Marlowe is a man of few pretensions, ragged and calm, swinging between fawning cats and welcoming pseudo-hippie neighbors, one cigarette after another in an attempt to pass the time or bring death closer to the elegant sound of a Jazz pianist.
Marlowe moves quietly with his gaze fixed on the ground, having little desire to look at the Los Angeles surrounding him that he knows all too well, an eye like his has a mountain of experience weighing on his back that makes him keep his head down; there's no point in looking up, he already knows what's around, and it's nothing particularly good.

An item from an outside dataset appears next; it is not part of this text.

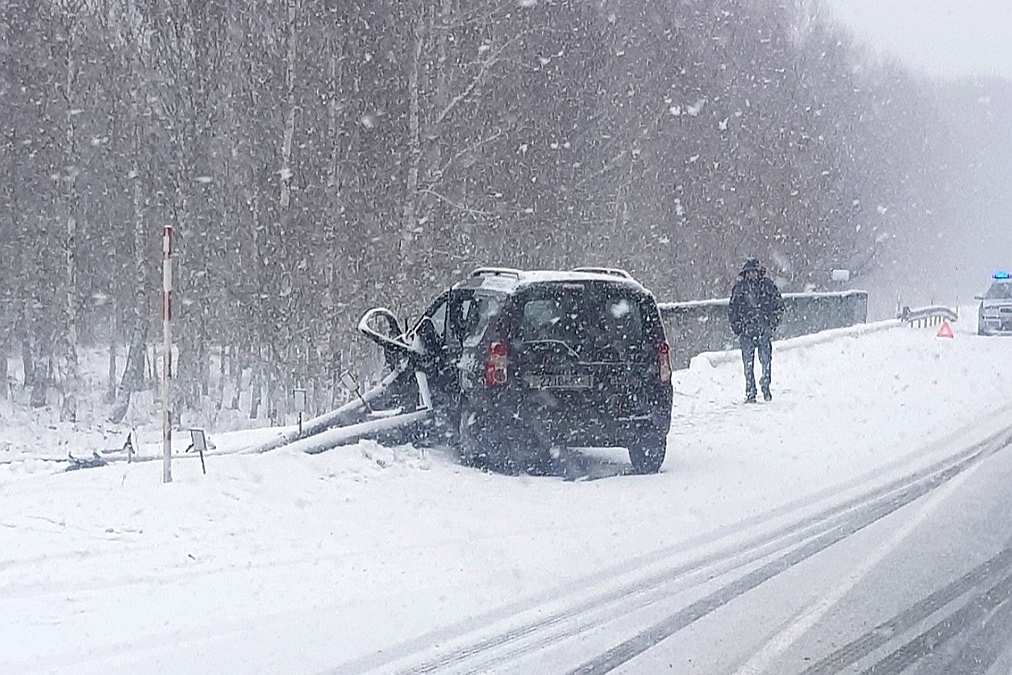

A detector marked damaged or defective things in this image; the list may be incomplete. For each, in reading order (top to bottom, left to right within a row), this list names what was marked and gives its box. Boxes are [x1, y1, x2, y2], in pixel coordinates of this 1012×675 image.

Marlowe is a calm and honest man, ironic and sharp, wandering between a night supermarket and a modest, cozy little apartment on the outskirts with a panoramic view and a small balcony. If you ask him a favor, he won't deny it, he won't ask questions, and he won't request anything in return, but don't pester him too much; he's content in his stupor and has no intention of leaving it.
In Malibu, there’s a cocaine-white residence, villas crammed side by side, and pretty girls with tennis rackets, washed-up drunken writers, and singed, teased women.

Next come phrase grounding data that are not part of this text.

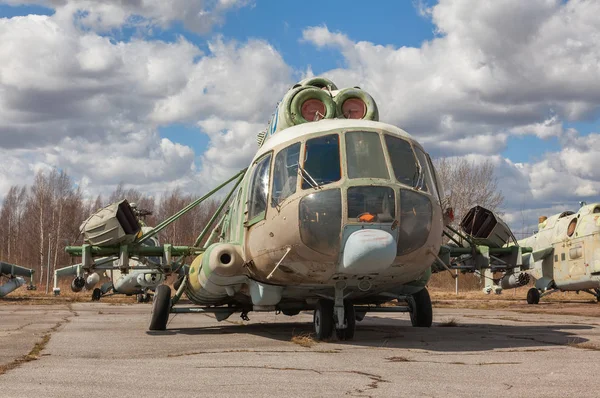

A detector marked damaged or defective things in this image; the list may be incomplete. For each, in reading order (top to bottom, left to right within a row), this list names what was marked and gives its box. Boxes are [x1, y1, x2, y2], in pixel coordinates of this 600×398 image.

cracked tarmac [1, 302, 600, 398]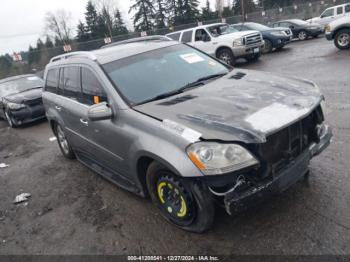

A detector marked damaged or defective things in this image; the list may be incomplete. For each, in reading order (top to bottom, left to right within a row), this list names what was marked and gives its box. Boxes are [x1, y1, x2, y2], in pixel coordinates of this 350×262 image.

crumpled hood [4, 88, 42, 104]
damaged gray suv [42, 36, 332, 231]
crumpled hood [134, 69, 322, 143]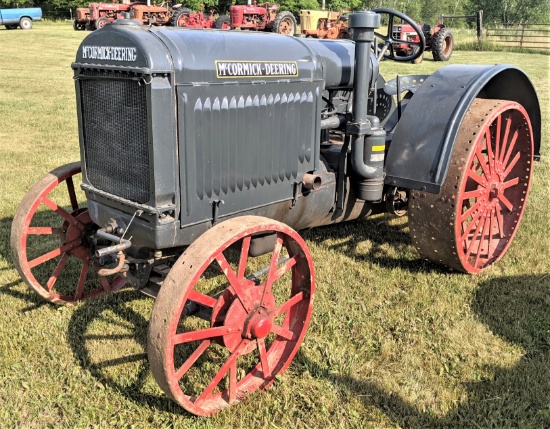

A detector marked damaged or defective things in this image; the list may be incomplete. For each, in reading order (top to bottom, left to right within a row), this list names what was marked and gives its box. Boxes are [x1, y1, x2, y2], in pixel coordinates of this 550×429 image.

rusty metal surface [410, 98, 536, 272]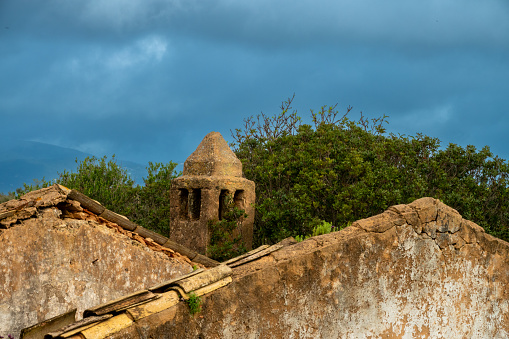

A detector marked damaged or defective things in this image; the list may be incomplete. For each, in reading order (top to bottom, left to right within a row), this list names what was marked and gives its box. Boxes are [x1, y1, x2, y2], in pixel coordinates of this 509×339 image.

cracked wall surface [107, 198, 508, 338]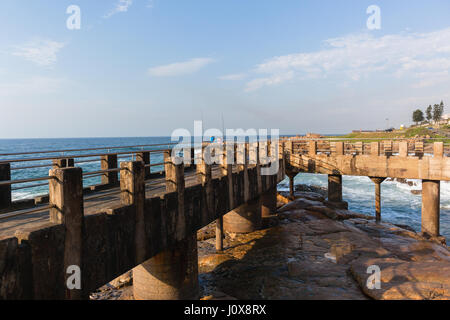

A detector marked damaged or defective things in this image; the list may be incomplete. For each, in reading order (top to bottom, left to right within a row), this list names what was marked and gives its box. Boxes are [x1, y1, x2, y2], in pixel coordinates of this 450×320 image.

rusty concrete post [48, 168, 84, 300]
rusty concrete post [100, 154, 118, 185]
rusty concrete post [119, 161, 146, 262]
rusty concrete post [135, 151, 151, 179]
rusty concrete post [132, 155, 199, 300]
rusty concrete post [370, 176, 386, 221]
rusty concrete post [422, 180, 440, 238]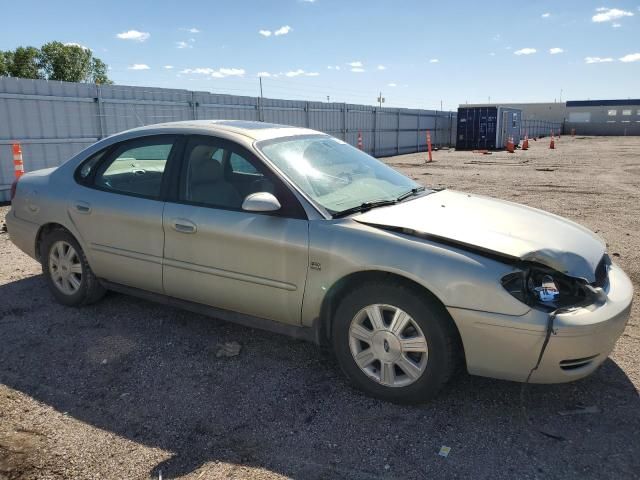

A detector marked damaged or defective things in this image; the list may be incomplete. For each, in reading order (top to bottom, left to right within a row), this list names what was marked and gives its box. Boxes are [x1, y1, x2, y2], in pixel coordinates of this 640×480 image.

damaged headlight [502, 266, 592, 312]
damaged front bumper [448, 262, 632, 382]
shattered plastic piece [218, 340, 242, 358]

In Malibu, there’s a limbo suspended between Hollywood and the ocean, a stand-in for reality with a gate, a guard at the entrance, and four handfuls of suntan oil on top, a community floating in the air in a calendula soap bubble, a privileged human category that, when it gets its ass dirty, has to turn to the "normal" world outside to clean up; it has to appeal to ragged, calm types like Marlowe.
And so detective Marlowe enters the bubble, it doesn’t burst, it engulfs him and closes around him; there's no scent of calendula from the inside, there’s too much to clean, replant, rehydrate, too much crap around to be shoveled.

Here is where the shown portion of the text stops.